While South Dakota’s Republicans use stealth vouchers to undermine public education and line the pockets of their friends in the insurance industry, Arizona Senator John McCain is trying to gut federal Indian schools with a voucher plan. S. 2711, the Native American Education Opportunity Act, would send 90% of the Bureau of Indian Education’s funding to education savings accounts for Indian students, who could then use that money for private school tuition. South Dakota’s American Indian students would not be able to take advantage of this plan, since we are not among the four states (Arizona, Florida, Mississippi, and Nevada) that have education savings accounts.

Of course, handing kids money won’t make a quality private school magically materialize right across the street:

Navajo Nation Schools Superintendent Tommy Lewis said Friday that while he thinks charter schools do a good job, there are challenges facing Native families – like transportation – that could present problems. BIE schools provide transportation for students, he noted, but parents would have to provide their own transportation to get a student to a private school that could be miles away.

“How Native tribes could participate is yet to be known,” Lewis said [Danika Worthington, “McCain Bill Diverts Indian School Funds from BIE,” Cronkite News via Indianz.com, 2016.03.22].

Just as South Dakota has an obligation to provide free, universal K-12 education to all of its students, the federal government has an obligation to provide free and universal K-12 education to American Indian students. The federal government has failed to provide that education for 140 years. The solution, however, is not to take away the money, throw it into bank accounts that would be at least as hard to supervise as the Bureau of Indian Education, and hope that other schools pop up to meet Indian students’ needs. The solution is to meet our obligations to build a public education system that provides the best education any student could ask for.

It’s like dinner: even if you’re a bad cook, you don’t just hand ten bucks to your kids and tell them to go buy their own dinner. You buy some groceries, find some decent recipes, and feed your kids yourself. (And if you’re doing it right, cooking at home is cheaper than going out.)

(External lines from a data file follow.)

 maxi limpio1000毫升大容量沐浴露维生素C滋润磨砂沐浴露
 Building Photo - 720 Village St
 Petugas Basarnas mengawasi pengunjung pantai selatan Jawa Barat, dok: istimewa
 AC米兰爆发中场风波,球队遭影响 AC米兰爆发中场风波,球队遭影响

We won’t educate Indian kids by handing them checks and telling them to buy their own schooling, especially when private alternative schools will cost too much in tuition and travel. We will educate Indian kids by educating Indian kids. The federal government delivers quality K-12 education on its military base schools; it can make the same effort for American Indian schools.

One Comment

  1. leslie 2016-03-29 07:13

    wonder if McCain and rounds are talking?